Treatment did not result in a significant reduction in RT4 cell binding, indicating that sulfate exposure did not play a significant role in the attachment of the SARS-CoV-2 surge protein to host cells:
“Although our data support UFH inhibitory activity, it does not support the notion that sulfate deposits are very important for viral infections,” the team wrote.
What are the implications of this research?
The researchers say that LMWHs, which have been used to treat COVID-19 patients and have been shown to improve results, are much smaller than UFH and have a more predictable pharmacokinetics.
Monks and colleagues argue that their research shows that previous use of heparin should be considered when a viral infection is still an important factor in influencing the severity of the disease.
“The use of UFH rather than LMWH must also be considered, although we note that the administration and safety profile of UFH might prevent this in some cases,” they added.

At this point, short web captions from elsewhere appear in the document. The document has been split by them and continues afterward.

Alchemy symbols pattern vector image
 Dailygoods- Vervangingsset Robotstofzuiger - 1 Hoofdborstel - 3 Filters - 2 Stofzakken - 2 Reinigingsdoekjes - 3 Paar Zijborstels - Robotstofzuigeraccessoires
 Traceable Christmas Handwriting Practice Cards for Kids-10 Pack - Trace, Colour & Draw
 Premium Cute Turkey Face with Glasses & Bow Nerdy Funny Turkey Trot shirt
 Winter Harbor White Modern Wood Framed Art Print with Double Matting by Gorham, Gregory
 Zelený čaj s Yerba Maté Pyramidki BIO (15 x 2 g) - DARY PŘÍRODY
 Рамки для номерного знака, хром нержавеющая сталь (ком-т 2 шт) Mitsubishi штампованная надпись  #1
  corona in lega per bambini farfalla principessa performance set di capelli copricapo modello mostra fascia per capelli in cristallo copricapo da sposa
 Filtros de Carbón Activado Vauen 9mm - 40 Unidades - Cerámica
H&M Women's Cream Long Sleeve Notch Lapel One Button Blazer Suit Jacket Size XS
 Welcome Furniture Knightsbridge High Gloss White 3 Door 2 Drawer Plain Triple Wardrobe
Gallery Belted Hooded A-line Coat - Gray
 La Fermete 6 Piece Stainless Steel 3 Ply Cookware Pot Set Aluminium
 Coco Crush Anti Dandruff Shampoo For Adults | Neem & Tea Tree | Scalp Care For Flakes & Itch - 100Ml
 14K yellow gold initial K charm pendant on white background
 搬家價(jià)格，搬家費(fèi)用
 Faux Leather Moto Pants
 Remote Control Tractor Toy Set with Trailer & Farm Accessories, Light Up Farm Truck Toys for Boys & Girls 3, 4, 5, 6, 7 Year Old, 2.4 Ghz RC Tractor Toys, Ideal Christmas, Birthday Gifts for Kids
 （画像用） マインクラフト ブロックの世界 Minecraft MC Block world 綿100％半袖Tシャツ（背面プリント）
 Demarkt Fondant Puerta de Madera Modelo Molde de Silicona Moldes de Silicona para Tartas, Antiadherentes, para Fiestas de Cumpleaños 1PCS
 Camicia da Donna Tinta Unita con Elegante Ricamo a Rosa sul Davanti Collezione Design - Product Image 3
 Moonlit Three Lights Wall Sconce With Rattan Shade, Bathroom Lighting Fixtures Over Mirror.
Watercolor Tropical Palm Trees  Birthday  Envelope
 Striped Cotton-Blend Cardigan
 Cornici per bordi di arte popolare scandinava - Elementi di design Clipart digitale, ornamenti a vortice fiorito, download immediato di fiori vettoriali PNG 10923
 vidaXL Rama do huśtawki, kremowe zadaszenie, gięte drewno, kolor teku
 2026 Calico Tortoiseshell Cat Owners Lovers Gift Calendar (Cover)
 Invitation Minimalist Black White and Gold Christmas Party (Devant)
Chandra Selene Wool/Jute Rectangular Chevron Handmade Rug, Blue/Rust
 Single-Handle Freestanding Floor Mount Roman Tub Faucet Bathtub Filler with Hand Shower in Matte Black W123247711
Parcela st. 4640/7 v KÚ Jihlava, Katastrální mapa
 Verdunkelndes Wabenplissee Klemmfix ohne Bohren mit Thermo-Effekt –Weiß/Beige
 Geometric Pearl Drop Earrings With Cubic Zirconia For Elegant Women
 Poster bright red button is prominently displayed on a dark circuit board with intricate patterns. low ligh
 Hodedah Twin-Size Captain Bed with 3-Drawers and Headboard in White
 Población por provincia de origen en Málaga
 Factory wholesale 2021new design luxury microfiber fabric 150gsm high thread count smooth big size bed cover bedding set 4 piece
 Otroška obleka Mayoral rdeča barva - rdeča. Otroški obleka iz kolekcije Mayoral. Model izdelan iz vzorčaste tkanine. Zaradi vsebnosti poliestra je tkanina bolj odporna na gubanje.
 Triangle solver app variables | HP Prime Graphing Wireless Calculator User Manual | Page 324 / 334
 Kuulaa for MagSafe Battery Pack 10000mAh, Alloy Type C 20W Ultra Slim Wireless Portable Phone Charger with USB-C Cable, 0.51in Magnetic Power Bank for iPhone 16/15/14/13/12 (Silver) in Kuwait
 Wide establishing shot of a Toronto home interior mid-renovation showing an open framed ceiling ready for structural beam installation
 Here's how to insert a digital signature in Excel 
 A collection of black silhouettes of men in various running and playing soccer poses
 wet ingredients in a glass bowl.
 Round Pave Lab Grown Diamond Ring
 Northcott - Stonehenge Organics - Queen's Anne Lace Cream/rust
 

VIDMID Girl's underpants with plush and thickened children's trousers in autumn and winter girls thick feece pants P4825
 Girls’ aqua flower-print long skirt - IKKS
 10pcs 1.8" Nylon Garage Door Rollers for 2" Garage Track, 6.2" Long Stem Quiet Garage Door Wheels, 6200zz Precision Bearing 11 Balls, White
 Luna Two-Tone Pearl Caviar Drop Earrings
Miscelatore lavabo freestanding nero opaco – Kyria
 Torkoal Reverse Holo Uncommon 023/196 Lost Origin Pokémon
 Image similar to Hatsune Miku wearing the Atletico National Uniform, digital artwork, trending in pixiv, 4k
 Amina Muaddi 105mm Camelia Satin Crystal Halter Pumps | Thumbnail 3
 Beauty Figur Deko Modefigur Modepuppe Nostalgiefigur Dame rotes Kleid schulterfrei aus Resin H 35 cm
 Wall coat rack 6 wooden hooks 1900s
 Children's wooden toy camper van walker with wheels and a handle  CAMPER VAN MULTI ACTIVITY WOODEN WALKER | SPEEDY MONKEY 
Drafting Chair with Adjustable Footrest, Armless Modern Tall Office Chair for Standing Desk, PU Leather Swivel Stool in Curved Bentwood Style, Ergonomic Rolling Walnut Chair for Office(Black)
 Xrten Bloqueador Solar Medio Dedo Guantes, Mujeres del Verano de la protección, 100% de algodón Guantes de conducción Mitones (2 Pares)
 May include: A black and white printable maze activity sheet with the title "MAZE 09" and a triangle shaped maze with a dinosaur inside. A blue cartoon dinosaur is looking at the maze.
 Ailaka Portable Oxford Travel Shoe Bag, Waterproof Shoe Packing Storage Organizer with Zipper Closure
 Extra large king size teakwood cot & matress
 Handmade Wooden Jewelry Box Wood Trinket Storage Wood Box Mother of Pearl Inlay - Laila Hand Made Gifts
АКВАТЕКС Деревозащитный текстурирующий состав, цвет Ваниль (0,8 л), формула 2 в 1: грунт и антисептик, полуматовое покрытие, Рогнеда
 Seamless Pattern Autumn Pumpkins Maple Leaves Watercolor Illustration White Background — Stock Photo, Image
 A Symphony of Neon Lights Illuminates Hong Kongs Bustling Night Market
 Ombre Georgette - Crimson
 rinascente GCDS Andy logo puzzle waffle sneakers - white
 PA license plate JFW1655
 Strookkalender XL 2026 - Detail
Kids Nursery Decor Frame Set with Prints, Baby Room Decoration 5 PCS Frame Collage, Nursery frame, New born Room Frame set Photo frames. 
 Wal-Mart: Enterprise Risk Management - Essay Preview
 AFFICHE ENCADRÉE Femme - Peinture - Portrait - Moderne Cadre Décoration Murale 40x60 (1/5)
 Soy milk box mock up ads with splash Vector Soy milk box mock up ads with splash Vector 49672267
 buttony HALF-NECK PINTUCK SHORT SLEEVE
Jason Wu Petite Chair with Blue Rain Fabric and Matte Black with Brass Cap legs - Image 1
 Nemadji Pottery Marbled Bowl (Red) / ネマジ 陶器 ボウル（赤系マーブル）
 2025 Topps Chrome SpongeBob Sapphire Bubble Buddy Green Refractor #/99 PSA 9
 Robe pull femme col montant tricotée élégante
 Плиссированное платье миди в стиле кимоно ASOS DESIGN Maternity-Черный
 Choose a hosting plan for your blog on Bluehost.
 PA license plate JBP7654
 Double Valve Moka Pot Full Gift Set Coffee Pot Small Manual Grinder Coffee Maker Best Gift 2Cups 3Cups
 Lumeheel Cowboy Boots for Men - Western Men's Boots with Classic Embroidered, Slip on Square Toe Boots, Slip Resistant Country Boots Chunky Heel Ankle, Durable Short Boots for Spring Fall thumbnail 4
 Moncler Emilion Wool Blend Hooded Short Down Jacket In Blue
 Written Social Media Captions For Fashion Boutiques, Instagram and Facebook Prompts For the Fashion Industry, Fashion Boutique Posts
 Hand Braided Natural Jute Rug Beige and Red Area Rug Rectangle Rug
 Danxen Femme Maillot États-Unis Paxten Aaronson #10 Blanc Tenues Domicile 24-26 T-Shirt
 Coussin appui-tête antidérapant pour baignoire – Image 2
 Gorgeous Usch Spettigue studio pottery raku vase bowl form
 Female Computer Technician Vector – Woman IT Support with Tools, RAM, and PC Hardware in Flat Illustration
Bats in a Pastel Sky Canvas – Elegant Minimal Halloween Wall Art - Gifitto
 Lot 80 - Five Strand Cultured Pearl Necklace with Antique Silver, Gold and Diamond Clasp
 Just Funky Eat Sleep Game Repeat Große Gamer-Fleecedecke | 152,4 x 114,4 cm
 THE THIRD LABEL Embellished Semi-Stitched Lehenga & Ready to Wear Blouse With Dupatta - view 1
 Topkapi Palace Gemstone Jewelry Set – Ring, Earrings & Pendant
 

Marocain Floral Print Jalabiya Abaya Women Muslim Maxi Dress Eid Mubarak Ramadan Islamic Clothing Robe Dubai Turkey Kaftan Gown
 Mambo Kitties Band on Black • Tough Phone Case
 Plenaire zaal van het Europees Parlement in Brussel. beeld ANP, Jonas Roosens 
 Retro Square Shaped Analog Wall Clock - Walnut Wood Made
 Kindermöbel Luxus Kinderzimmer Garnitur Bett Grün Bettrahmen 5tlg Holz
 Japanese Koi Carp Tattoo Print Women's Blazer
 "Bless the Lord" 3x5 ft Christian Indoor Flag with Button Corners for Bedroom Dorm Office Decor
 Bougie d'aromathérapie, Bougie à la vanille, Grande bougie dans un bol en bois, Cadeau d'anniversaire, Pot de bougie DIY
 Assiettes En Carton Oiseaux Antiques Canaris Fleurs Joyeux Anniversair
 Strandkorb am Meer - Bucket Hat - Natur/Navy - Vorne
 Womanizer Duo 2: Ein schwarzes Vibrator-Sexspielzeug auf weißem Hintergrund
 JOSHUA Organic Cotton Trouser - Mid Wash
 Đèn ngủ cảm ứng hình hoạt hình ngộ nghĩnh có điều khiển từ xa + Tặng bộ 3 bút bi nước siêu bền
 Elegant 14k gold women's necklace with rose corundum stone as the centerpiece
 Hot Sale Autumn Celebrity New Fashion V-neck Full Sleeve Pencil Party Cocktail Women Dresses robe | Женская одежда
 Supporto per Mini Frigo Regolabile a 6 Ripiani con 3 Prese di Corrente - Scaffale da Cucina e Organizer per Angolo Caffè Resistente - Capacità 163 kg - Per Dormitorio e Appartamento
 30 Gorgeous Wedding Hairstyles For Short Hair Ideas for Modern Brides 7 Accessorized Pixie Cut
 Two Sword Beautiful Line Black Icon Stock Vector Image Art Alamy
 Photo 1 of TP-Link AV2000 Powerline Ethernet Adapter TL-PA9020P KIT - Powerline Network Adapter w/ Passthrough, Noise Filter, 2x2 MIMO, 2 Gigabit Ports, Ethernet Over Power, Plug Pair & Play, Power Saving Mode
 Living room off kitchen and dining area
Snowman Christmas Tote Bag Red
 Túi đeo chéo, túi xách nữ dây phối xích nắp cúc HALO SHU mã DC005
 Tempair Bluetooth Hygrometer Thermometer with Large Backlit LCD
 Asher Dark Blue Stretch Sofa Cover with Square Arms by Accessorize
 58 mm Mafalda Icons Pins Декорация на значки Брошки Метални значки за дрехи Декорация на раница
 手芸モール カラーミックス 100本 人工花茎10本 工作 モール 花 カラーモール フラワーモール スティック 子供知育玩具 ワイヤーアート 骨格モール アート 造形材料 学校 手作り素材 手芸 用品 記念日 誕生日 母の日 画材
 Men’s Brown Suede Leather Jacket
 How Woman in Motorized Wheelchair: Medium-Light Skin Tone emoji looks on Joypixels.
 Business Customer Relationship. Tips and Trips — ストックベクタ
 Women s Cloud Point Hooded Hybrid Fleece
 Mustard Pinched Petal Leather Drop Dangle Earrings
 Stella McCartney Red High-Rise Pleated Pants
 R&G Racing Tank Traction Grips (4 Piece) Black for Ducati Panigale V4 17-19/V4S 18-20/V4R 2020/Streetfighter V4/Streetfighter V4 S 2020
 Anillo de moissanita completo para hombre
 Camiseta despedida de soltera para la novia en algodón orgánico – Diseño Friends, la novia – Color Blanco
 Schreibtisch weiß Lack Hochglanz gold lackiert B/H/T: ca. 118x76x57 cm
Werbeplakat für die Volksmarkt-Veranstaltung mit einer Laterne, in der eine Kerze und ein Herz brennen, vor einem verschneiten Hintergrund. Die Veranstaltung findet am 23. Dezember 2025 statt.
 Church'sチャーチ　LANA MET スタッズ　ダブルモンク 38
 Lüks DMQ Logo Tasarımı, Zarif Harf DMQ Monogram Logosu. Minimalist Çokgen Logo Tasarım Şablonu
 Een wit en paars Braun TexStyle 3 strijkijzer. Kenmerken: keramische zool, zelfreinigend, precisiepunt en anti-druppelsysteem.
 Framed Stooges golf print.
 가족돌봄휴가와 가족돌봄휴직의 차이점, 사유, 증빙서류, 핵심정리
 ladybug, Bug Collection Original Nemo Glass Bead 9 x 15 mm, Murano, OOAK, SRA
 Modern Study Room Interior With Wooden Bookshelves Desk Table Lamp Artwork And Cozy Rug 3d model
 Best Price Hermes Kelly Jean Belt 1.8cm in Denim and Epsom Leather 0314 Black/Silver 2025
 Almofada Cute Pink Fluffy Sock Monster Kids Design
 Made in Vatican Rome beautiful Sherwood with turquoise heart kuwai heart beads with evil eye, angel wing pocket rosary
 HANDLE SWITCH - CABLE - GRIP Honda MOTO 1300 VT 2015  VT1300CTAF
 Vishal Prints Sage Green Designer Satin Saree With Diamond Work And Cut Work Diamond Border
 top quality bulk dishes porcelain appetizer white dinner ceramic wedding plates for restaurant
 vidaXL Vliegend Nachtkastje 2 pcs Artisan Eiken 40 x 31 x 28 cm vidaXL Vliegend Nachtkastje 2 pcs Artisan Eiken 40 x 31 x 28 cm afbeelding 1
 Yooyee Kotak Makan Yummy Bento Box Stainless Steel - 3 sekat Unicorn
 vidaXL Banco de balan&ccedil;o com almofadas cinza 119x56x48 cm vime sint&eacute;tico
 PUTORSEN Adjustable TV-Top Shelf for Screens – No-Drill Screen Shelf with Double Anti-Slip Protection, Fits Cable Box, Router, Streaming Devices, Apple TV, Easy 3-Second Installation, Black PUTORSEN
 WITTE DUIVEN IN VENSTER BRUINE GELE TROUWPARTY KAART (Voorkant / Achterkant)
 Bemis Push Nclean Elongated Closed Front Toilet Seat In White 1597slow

Finally, the researchers said their newly developed flow cytometric test to assess the binding of SARS-CoV-2 spike protein to the host cell supports the previous findings that heparin can inhibit viral attachment to monkey kidney epithelial cells.
“Our new test could be the first screen to be useful for new inhibitors of coronavirus infection,” concluded the team.
* Important Notification
bioRxiv publishing initial scientific reports that are not reviewed by colleagues and, therefore, should not be considered conclusive, guide clinical practice / health-related behaviors, or be treated as pre-existing information.